As we check off the weeks before GAME OF THRONES Season 5 premieres on April 12th, we’re having a hard time holding down our excitement. To keep that intensity going, I will be counting down my favorite scenes that the series has produced so far. Keep in mind these are “my favorite” scenes. Please share your favorites in the comments. Check the whole list here.
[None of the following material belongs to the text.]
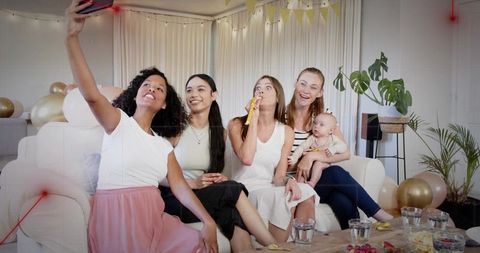 Women taking selfie on couch at baby shower celebration with balloons and fairy lights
From Season One, Episode Three: Lord Snow
Arya is my favorite character on the show. Full stop. Most stories that center around a “tomboy” typically revert back to type where the girl “grows out of” the behavior that isn’t considered feminine or lady like by tale’s end. Fam, Arya is never walking that path. While her sister learned the hard way that fairy tales aren’t real, Arya rejected them before that point was ever proven to her. She had no desire to marry a Lord, be subservient to anyone or conform to the gestures and traditions of the land. Instead of a needle and thread for quilting, she named her short sword, “Needle.” Instead of learning to curtsy and carry herself like a lady, she was chasing cats down near the dungeons to improve her footwork. Arya ain’t here for the soft shit, fam.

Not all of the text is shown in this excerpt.